Some of the challenges corporate practitioners noted included:

  1. Recognizing top performers. This is, particularly difficult in small companies with little room for promotions.
  2. Finding candidates with a holistic talent set. FP&A functions need candidates with both analytics and soft, people skills.
  3. Flipping the time spent preparing numbers and the time spent doing analysis and providing decision support. “Right now we spend 90 percent of our time creating the numbers and five minutes analyzing them,” bemoaned one practitioner. “I want to flip that to 80/20.”
  4. Getting people out of the weeds, expanding beyond Excel to see the big picture and spend more time storytelling.
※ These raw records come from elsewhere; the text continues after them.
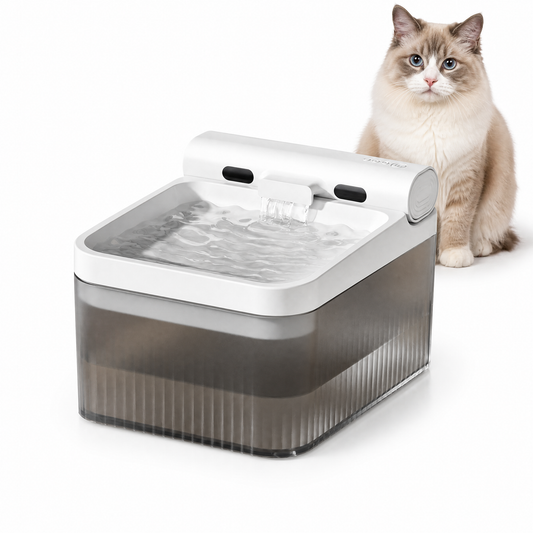 White Cat Water Fountain 3L, Cordless Pet Water Dispenser for Cats & Small Dogs,Wireless Pet Fountain, Smart Sensor, 3 Modes, Quiet Rechargeable Type-C Drinking Bowl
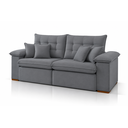 Ver imagem 1 de Sofá Retrátil e Reclinável Itália - Conforto Soft D28 com 20cm de Espuma:Veludo Cinza/1,90
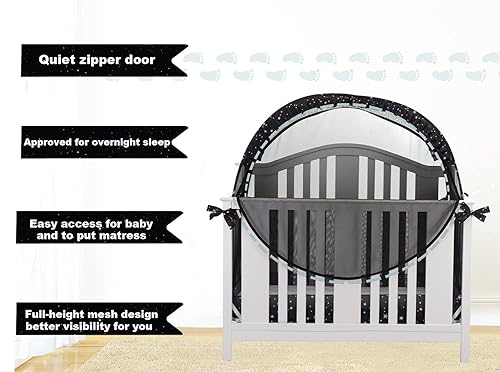 Safety Crib Tent to Keep Baby in Pop up Mosquito Net Netting Canopy Mesh Cover for Toddler - Black - Jamouz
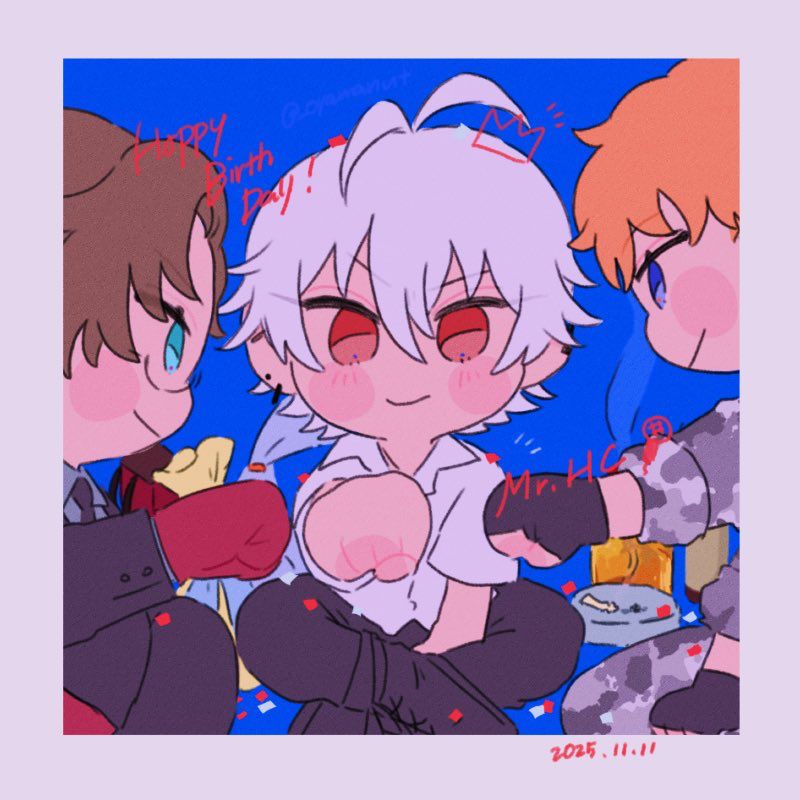 ヒプノシスマイクのヨコハマの三人が拳を突き合わせているイラスト。左馬刻の誕生日おめでとうイラストです。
  5. Stopping people from drowning themselves in data by asking IT for more and more points of information. One IT practitioner suggested moving the responsibility for pulling the data to the users.
  6. Competing for best talent. One company has reduced its hiring cycle to six days, and reduced the number of interviews by getting everyone together for the final interview up to director level.
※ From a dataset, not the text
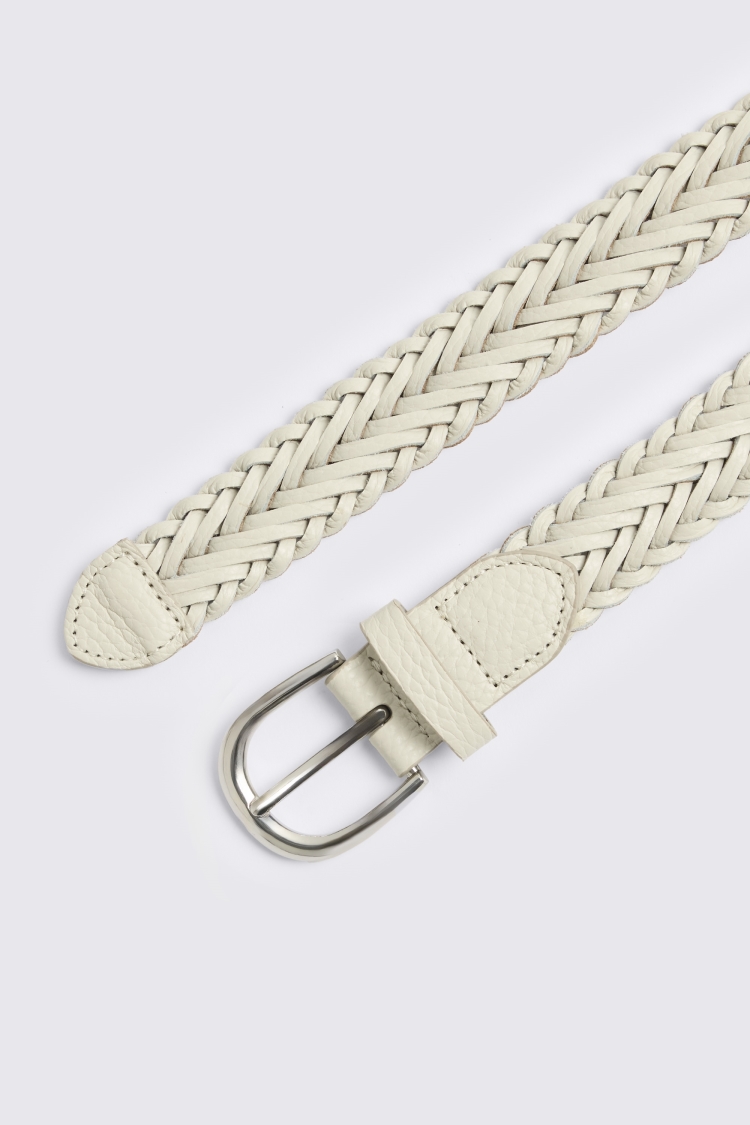 Off White Leather Woven Belt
  7. Improving the selection process. One practitioner said his organization uses the last interview to ask candidates to prepare a 30-minute presentation based on data they supply. That not only helps the company assess the candidate’s analytics and presentation  skills but also, while asking questions, how they think on their feet.

Lastly, the challenge of finding good candidates is also defined by the emergence of new technologies. There may or not be familiar to candidates, but the best ones will be willing to learn. In the past, business schools focused on the number-crunching courses. Increasingly, they’re adding technology classes. SAP’s Mukherjea predicted that future graduates will have more education in the area of technology to accompany their finance education.